# Speciality food in Belgium and Holland



## StephandJohn (Sep 3, 2007)

We'll be spending a couple of weeks in April in Belgium and Holland and wondered what local dishes we should look out for?


----------



## Tailendcharley (Apr 19, 2007)

Frites and Moules...oh boy an absolute must....


regards

  Smithy :wink: :wink:


----------



## spartacus (Jul 10, 2008)

Chocolate and beer


----------



## pippin (Nov 15, 2007)

Belgium? 

They invented frites - best ever ones we have ever tasted were in Bruxelles las autumn. Superb!

Nothing like so-called "French Fries".


----------



## kkclassic (Oct 26, 2008)

*food*

you could try their nice line in horse meat.

If you have "frittes" then have the mayo with it and also a "curry wurst" or "frikadella". In Holland the "Sate" is good and and Indonesian Rice tafle is to die for.

Please excuse the spellings thanks


----------



## bigfoot (May 16, 2005)

Lumpias-like a chop suey roll. If in Holland try kibling like fish goujons.


----------



## clianthus (Jul 8, 2006)

Hi

In Belgium it's got to be chocolate, from drinking choccy to truffles, it's all delicious.

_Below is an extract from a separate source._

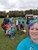 Fundraiser icon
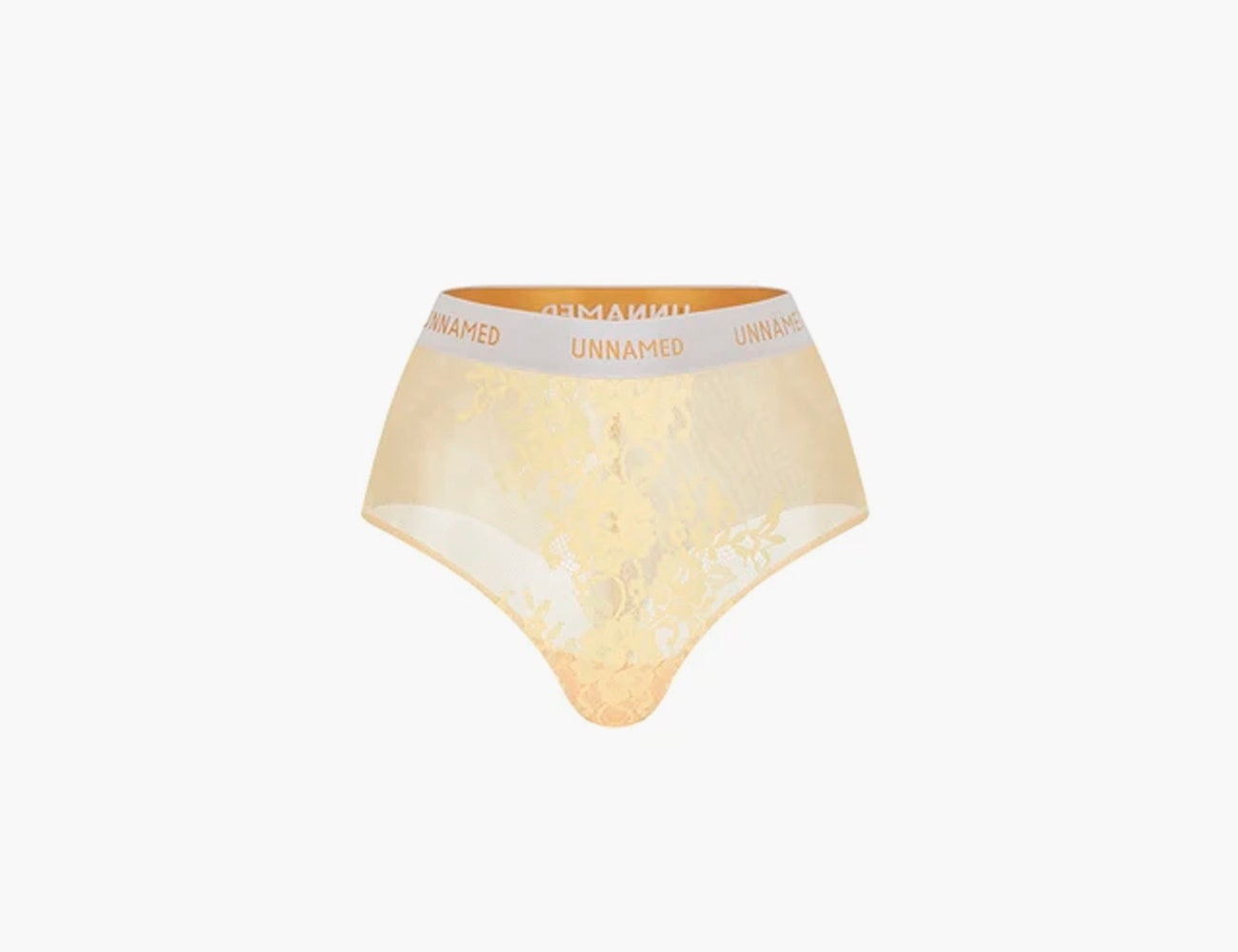 Трусы Zhilyova Lingerie 90 zhilyova.com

When we were in Bruges a couple of years ago we had some cakes which were a sort of cross between a doughnut and a waffle? They came with cream and fresh fruit on top. I don't know if they were a speciality of the area but haven't seen them anywhere else, I suspect they weren't exactly the healthy option though :lol: :lol:


----------



## iconnor (Nov 27, 2007)

*Beglian food*

Try crevettes, they are small shrimp like things.


----------



## Boff (May 10, 2005)

Hi,

Belgium has a fine food tradition almost as elaborate as its southern neighbour, France. And it is by far not restricted to _moules_, _frites_ and _chocolate_. Never enter a Belgian bakery with an empty stomach! :wink: Or you will regret it next time you step onto your bathroom scales...

And then, of course, there is the "liquid bread", the beer: Try some of the trappist brews on location. But make sure you don't have to drive afterwards, they can be rather strong.

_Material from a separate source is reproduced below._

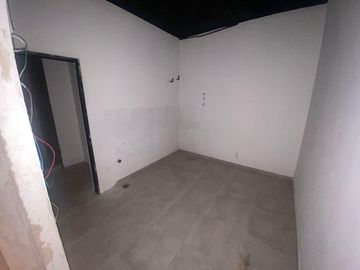 Galpón en  alquiler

Holland, The Netherlands, is a bit less famous regarding food. If you like fish and other seafood (I do), then you will find some fancy things. The soused herring is definitely worth a try, although the famous "Hollandse Nieuwe", the new herring, will not be available before May.

And if you love cheese (I don't), then you should not miss one of the still existing cheese markets. The most famous one in Gouda unfortunately only takes place from June to August, but the one in Alkmaar starts on the first Friday of April, and then takes place every Friday from 10:00 to 12:00 until September.

Otherwise, I would recommend to try Asian, especially Indonesian food, in Netherlands.

Best Regards,
Gerhard


----------



## hmh (Jun 25, 2008)

*Speciality food Belgium and Holland*

In Holland we always go to a supermarket (they are mostly quite small) for a sort of dark compressed bread called Roge brood (in packets, with the crispbread), 
also apelstroop, which looks like black treacle but is much less dark in flavour. ( Excuse my spelling, which may be faulty!)

Also packets of chocolate curls which you use as a topping for bread.

Fabulous liquorice, but make sure it is sweet and not salty - the latter is an acquired taste.

Belgian restaurants do wonderful mussels, a huge pot for each person, cooked with things like leeks and carrots - homely but succulent.

I found my favourite cheese was just called junge Hollande Kaas, nicer than Edam or Gouda.

Helen


----------



## StephandJohn (Sep 3, 2007)

All sounds wonderful. Thanks everyone Can't wait!


----------